Missed Opportunities Abound In 'Yesterday'
Despite having the elements for an unusual star-is-born saga that flirts with potentially fascinating aspects of authorship and maybe the most epic case of imposter syndrome ever diagnosed, "Yesterday" is nothing more than a classic story about some dumb boy chasing his chintzy dream instead of recognizing the reality that's been staring him in the face the whole time.
While I typically cringe at critics attempting to provide a new plot to a movie rather than judging the film on its own merits, the wastefulness of Yesterday is undeniable and unavoidable. As you watch the protagonist churn out Beatles songs as his own, you see that Yesterday has no love for The Beatles, their impact, or even music. It's a story about love and fame, and The Beatles are merely a means to an end.
Even Ed Sheeran Deserves A More Interesting Take On The Fictionalized Version Of Himself Than The Movie Provides
Sheeran is great in an unexpectedly significant role, hostile but helpful as the self-described Salieri to Jack's Mozart, but he's no substitute for legible character growth.
The concept of Sheeran as a Salieri-esque figure consumed by Jack's apparent genius is a devilishly funny one, but even when playing an exaggerated version of himself, the musician is too flat and friendly to sell the role.
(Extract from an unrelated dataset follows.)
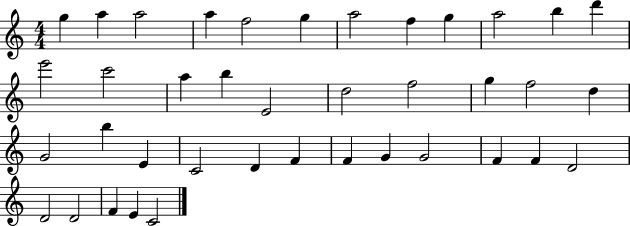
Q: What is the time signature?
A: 4/4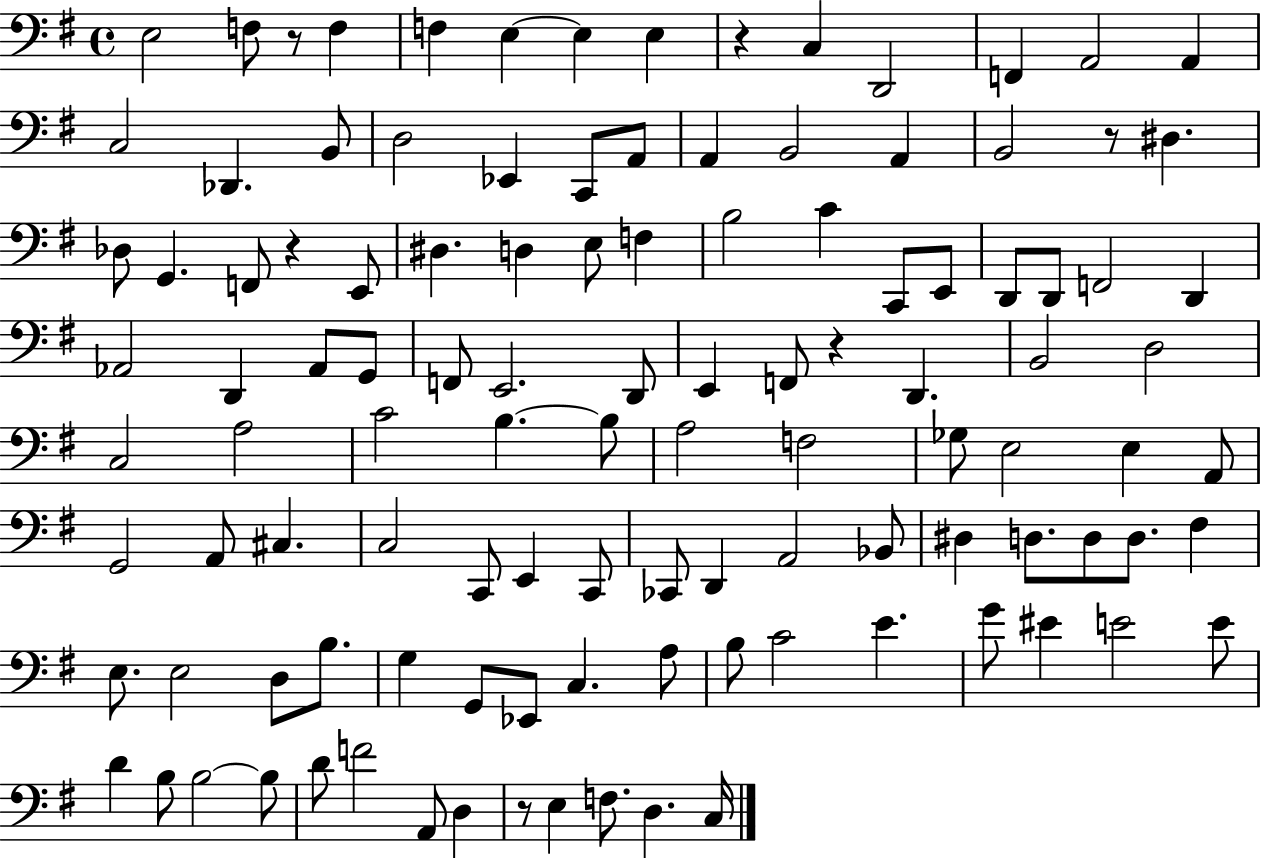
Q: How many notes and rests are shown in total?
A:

It Can Play The Hits Quite Well, But It Leaves You Wondering If The Filmmakers Really *Get* The Beatles
I guess I'm as much as a Beatles fan as the next person, insofar as I sung along to their music when I was a kid, sought deeper meaning in their weird period during dazed college days, and now frequently turn to the Beatles Sirius XM radio station when there's nothing else on the hundred other channels. So I appreciated the songbook quality of Yesterday, and found something profoundly disquieting in its drugless, sexless version of the Beatles.
The Beatles were larger than life, but at least part of their greatness was built on subtlety. That's a language Yesterday doesn't understand, even though it spends a great deal of time mouthing the words.
I'm sure the filmmakers have a good reason for taking the easy way out, but "Yesterday" is more of a novelty earworm than a classic. It's appealing and accessible in a way that the Beatles never really were. If it took itself — and them — a bit more seriously, it would be a lot more fun. But it wasn't made to last.
Yesterday is the cinematic equivalent of people whose favorite Beatles album is 1. You could make pretty much the same movie if Jack woke up into a world where only he remembered advertising jingles and became a successful ad executive.
Yesterday is a fluffy and ultimately half-baked 'What if?' fantasy that partially gets by on its zestful storytelling and endearing performances.